**What this task involves**
Omit every picture. Return all other data as it stands.

**Information shown**
= = =

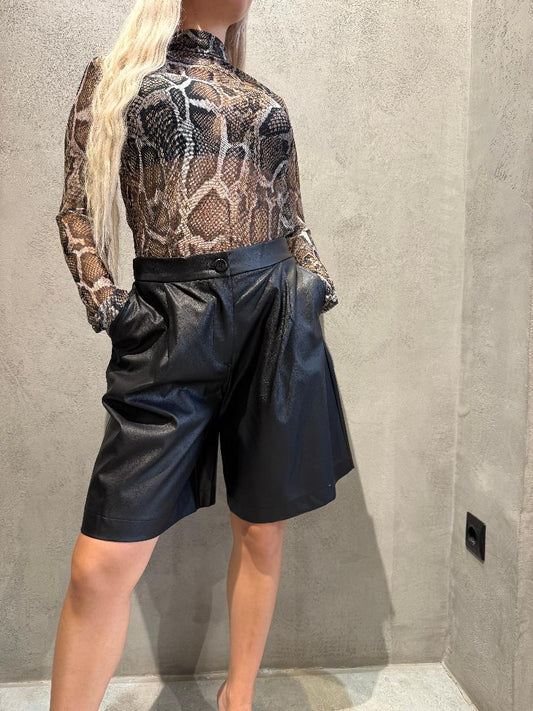 LINA ECO LEATHER SHORTS BLACK
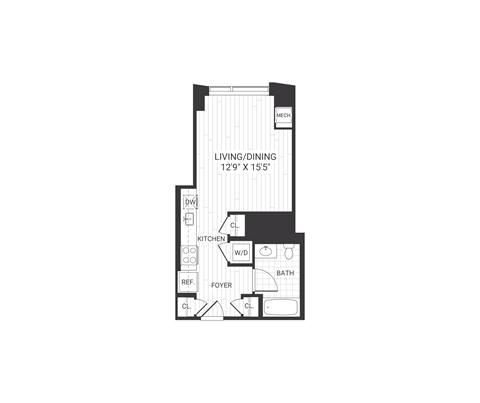 Floor plan for studio, 1 bath, 464 sqft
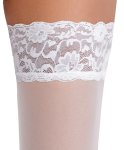 Cottelli Legwear Pończochy białe z szeroką koronką 20 den, silikonowe paski, Oeko-Tex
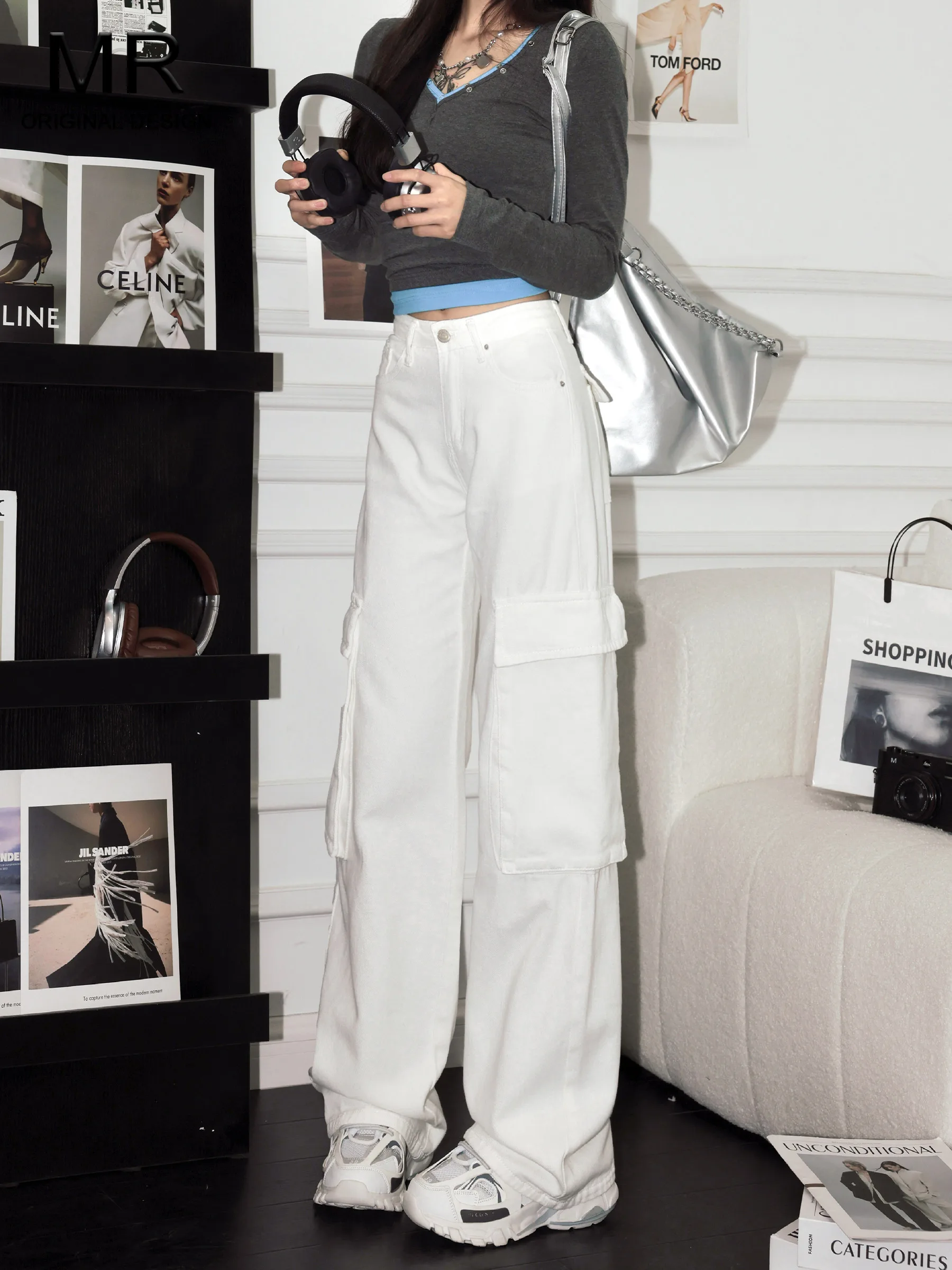 

Джинсовые брюки с высокой талией для женщин, белые, свободного кроя, с эффектом похудения, в уличном стиле, широкие штанины, весна-осень, новинка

= = =

**Result of this exercise**
 LINA ECO LEATHER SHORTS BLACK
 Floor plan for studio, 1 bath, 464 sqft
 Cottelli Legwear Pończochy białe z szeroką koronką 20 den, silikonowe paski, Oeko-Tex

Джинсовые брюки с высокой талией для женщин, белые, свободного кроя, с эффектом похудения, в уличном стиле, широкие штанины, весна-осень, новинка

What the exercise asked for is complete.